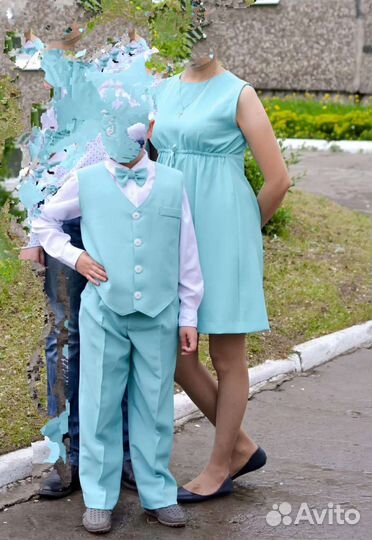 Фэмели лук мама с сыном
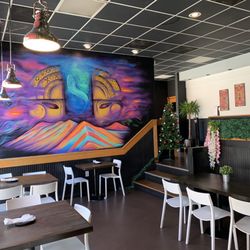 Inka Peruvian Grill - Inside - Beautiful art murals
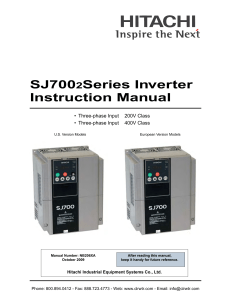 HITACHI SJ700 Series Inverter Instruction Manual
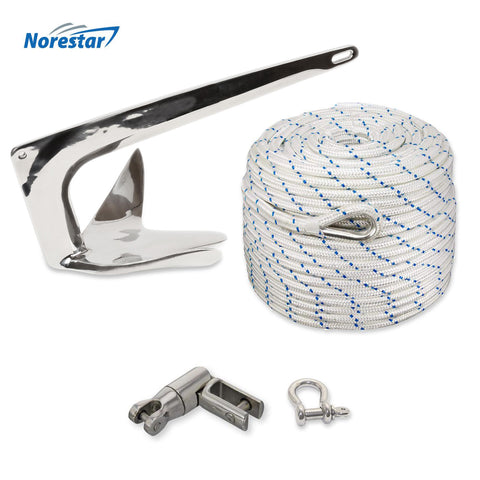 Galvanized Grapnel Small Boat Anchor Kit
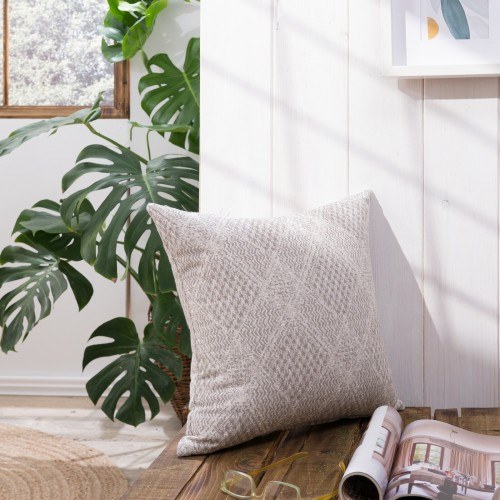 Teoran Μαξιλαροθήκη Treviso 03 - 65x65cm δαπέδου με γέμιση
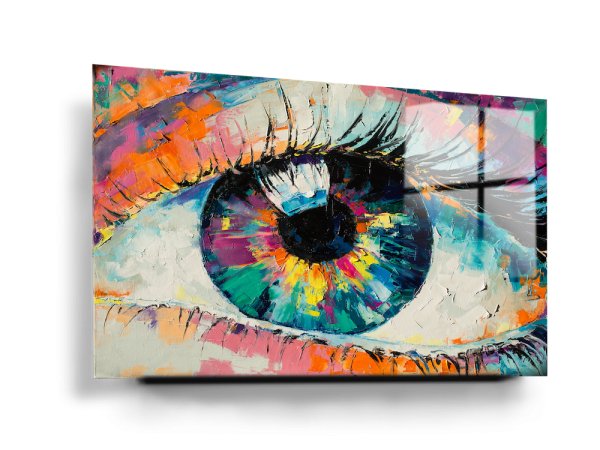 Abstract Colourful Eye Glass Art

::::

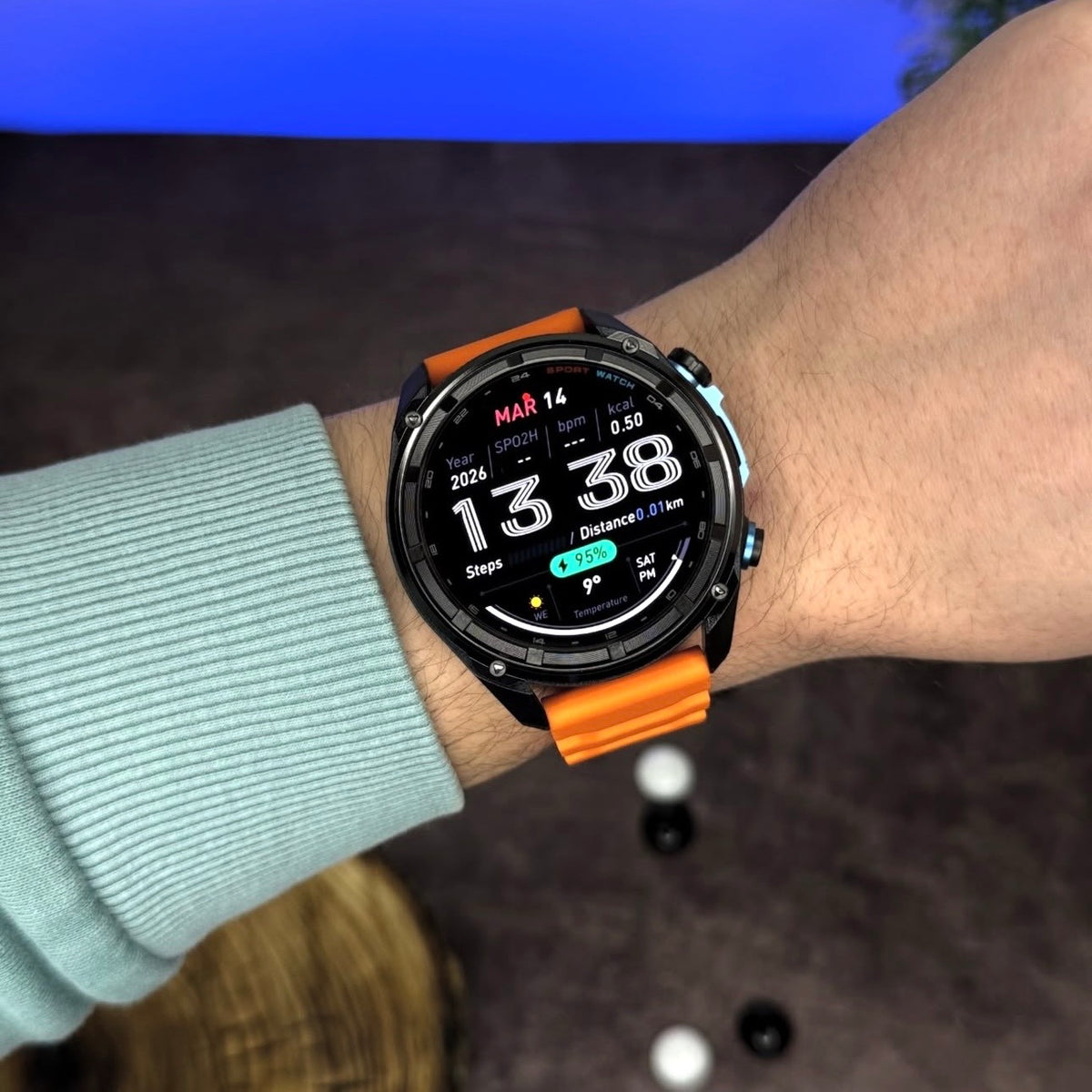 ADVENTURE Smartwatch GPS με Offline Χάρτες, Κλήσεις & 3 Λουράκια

::::

* Problem *
Look through the material above. Transcribe exactly the lines between the ones with "Фэмели лук мама с сыном" and "Abstract Colourful Eye Glass Art", inclusive, and keep pictures out.

* Task output *
 Фэмели лук мама с сыном
 Inka Peruvian Grill - Inside - Beautiful art murals
 HITACHI SJ700 Series Inverter Instruction Manual
 Galvanized Grapnel Small Boat Anchor Kit
 Teoran Μαξιλαροθήκη Treviso 03 - 65x65cm δαπέδου με γέμιση
 Abstract Colourful Eye Glass Art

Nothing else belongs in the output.